Trust me, I've run the numbers. Republicans can't win enough seats in 2014 to beat a veto even if they run the board, and that'll be the last election for a few cycles where there are more Democrats up for reelection than Republicans. If Hillary Clinton wins in 2016, that may put repeal out of reach until 2021 or 2025.
What people need to pay attention to is a new report from Health and Human Services on what to expect from the new insurance exchanges that open next week. Here's what you need to know to cut through the spin.
First, claims that "despite what they say, costs are going up" are misleading. We've known since the Republican Party came up with the idea for an individual mandate in the 1990s that premiums for some people would have to rise, particularly young adults. You can't ban insurance companies from discriminating against sick people and people with a family history of poor health, which greatly increases risk and cost, and not flood the pool with new healthy people (the mandate) that subsidize the young, elderly, and chronically ill.

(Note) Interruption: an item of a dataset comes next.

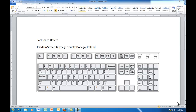Hi, Deirdre McNamara here from Letterkenny IT. I'm just going to start showing you Microsoft Word 2010 and some of the very basic things that you need to know. First of all, I've opened up Microsoft Word here and this is a document — just to save me some typing later on — and in the document I have a picture of a keyboard so you can see what I'm talking about.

It's why you really had to laugh at members of Congress, all on the political right, when they advocated for years to repeal the mandate but leave everything else. It would have driven insurance companies into bankruptcy. You either have the pre-existing condition ban and national mandate, or neither.
Young healthy adults that before now could opt not to have insurance at all would have to buy it. That's a cost increase that wasn't just expected, it's necessary for the entire system to function. Some adults, particularly wealthy individuals and families who already have expensive insurance would have to pay more. That had to happen, too. The benefits of doing that are that premiums for the elderly would drop through regulation and caps on insurance payouts would be banned.
It doesn't matter how sick you are or for how long, under Obamacare the insurance company can't cut you off so long as you keep paying your premiums.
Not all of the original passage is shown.